El debate político es tan complejo como frustrante. El Pleno del Ayuntamiento rechazó ayer 1 de diciembre la moción presentada conjuntamente por PSPV y Compromís para aprobar la ordenanza de la ZBE. Según el concejal de Movilidad, Jesús Carbonell, la ciudad no tiene ordenanza porque ni la oposición ni Vox la aprobaron en su momento. Mientras tanto, las entidades vecinales alertan del riesgo para la salud y piden más zonas verdes y corredores peatonales y ciclistas.
María Soledad Ramírez, de la Asociación Cuidem La Raïosa, reclamó una ZBE “de máximos” y subrayó que “no se trata de ir contra el coche, sino a favor de la salud pública”. Por su parte, Jose Manuel Felisi, de Mesura-Valencia per l’aire, anunció que denunciarán al Ayuntamiento ante Europa si no se toman medidas correctoras para mejorar la calidad del aire. La presidenta de la Federación de Asociaciones de Vecinos, María José Broseta, también pidió diálogo y acuerdos entre gobierno y oposición.

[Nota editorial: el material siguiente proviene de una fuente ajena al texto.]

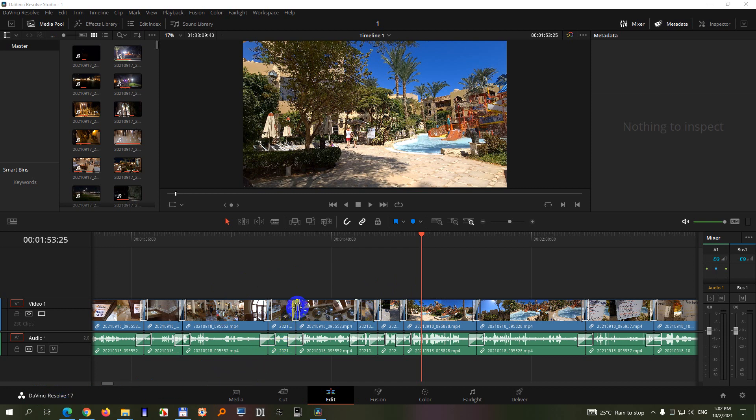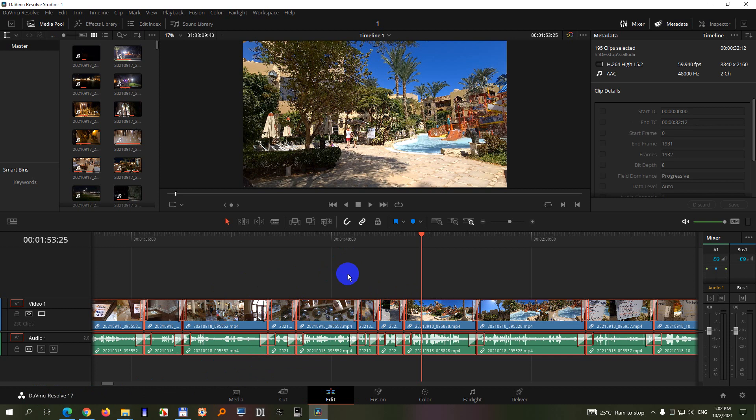So there is a video and an audio transition between each and every clip. So press Ctrl A on the keyboard to select everything, Ctrl A.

Pero la política valenciana ha vuelto a demostrar su incapacidad para consensuar. Carbonell reprochó a los grupos de la oposición “buscar el lío político” y calificó su moción de “brindis al sol”, mientras la oposición señalaba la negativa del equipo de gobierno a negociar y su inacción frente a un problema de salud y económico que pone en riesgo 150 millones de euros en ayudas europeas.
La portavoz de Compromís, Papi Robles, denunció que la alcaldesa Catalá “lleva un año poniéndose de perfil” y que su gobierno, junto a Vox, “está completamente descontrolado”. Robles criticó que el PP se niegue a aprobar medidas que reducirían la contaminación, mejorarían el transporte público y protegerían a los vecinos, dejando a Valencia sin ZBE y sin recursos para aplicar ayudas.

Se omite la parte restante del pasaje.